Exercise data ::
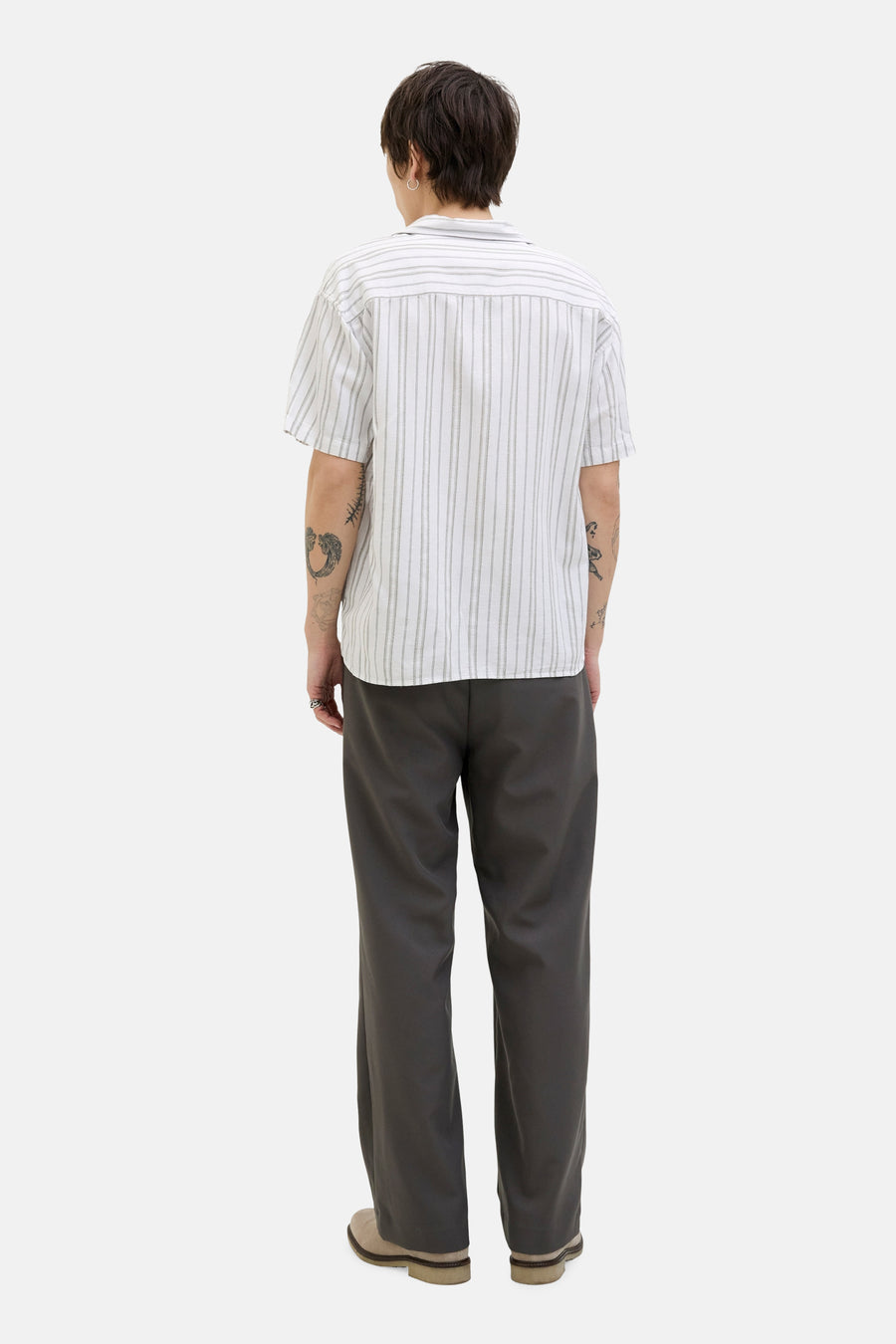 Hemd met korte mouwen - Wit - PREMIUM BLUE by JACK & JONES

* * *

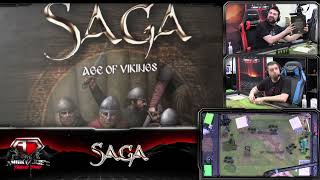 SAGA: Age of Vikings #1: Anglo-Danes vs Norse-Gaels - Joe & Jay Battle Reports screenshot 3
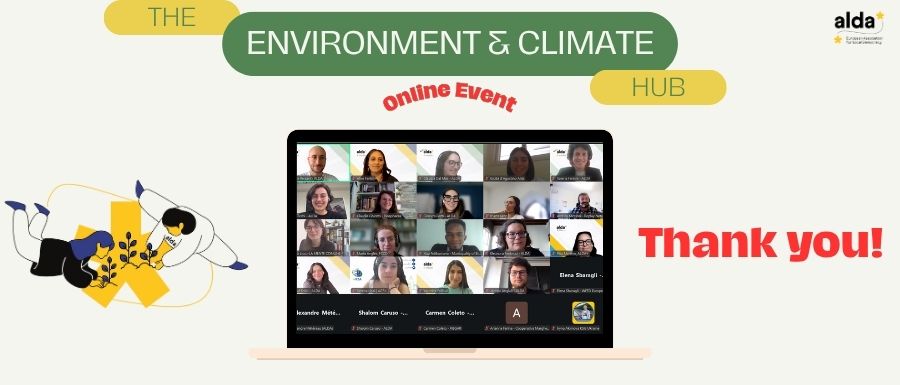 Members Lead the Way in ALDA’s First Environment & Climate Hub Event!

Assignment ::
Would you output only the span of the records above that opens with the line containing "SAGA: Age of" and closes with the line containing "Members Lead the", ends included and pictures dropped?

Answer space ::
 SAGA: Age of Vikings #1: Anglo-Danes vs Norse-Gaels - Joe & Jay Battle Reports screenshot 3
 Members Lead the Way in ALDA’s First Environment & Climate Hub Event!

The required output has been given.